** What needs to be done **
Start at the line in the entries below that contains "Black Velvet Cube Pouffe / Footstool Image 2", stop at the line that contains "Hidden NY Paisley Tee 'whitre'", and output exactly the lines in that span, both ends included.

** Data to process **
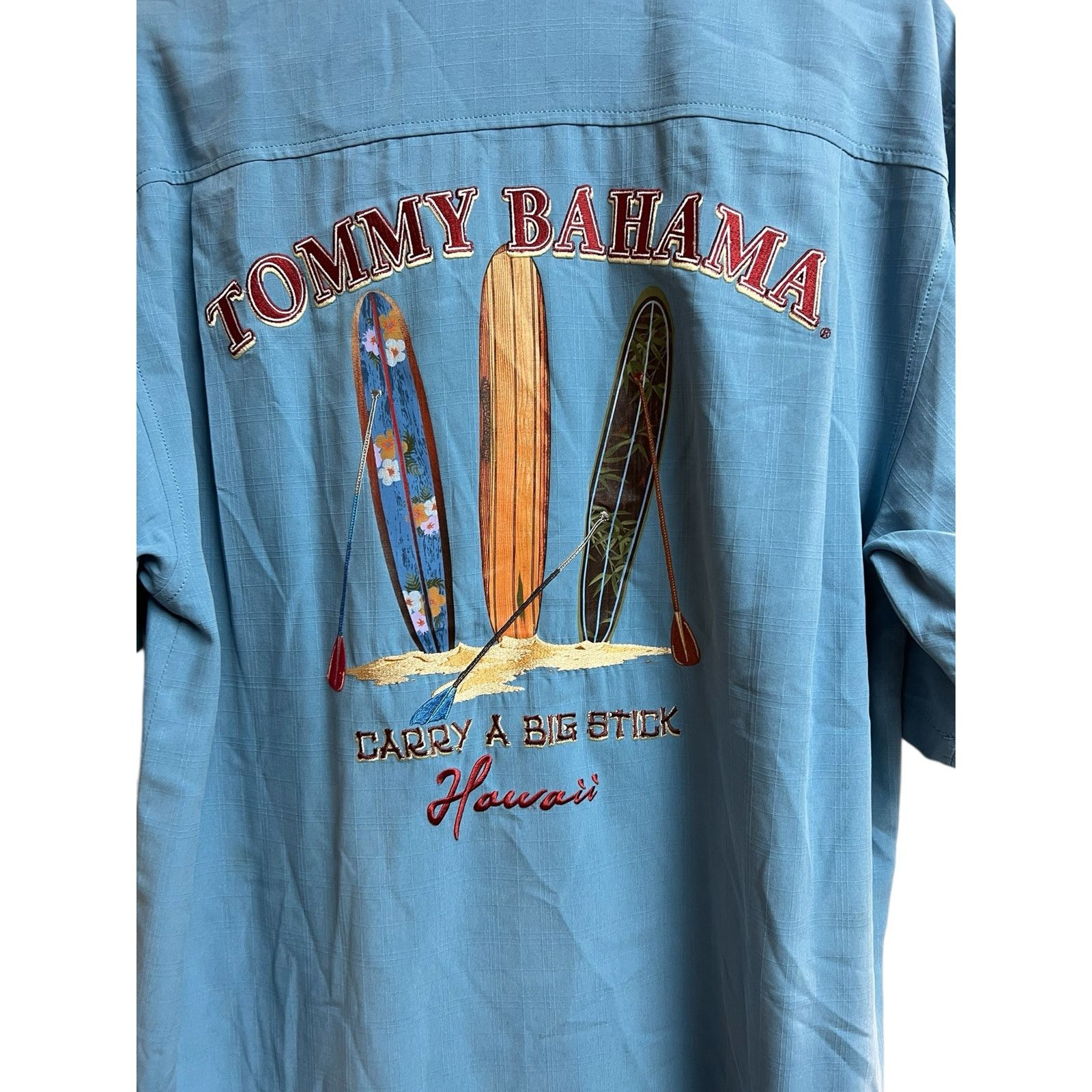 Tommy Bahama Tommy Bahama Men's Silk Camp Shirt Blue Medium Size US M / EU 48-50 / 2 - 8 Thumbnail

---

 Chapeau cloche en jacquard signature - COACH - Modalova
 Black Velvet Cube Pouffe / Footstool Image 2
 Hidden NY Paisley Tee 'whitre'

** Solution **
 Black Velvet Cube Pouffe / Footstool Image 2
 Hidden NY Paisley Tee 'whitre'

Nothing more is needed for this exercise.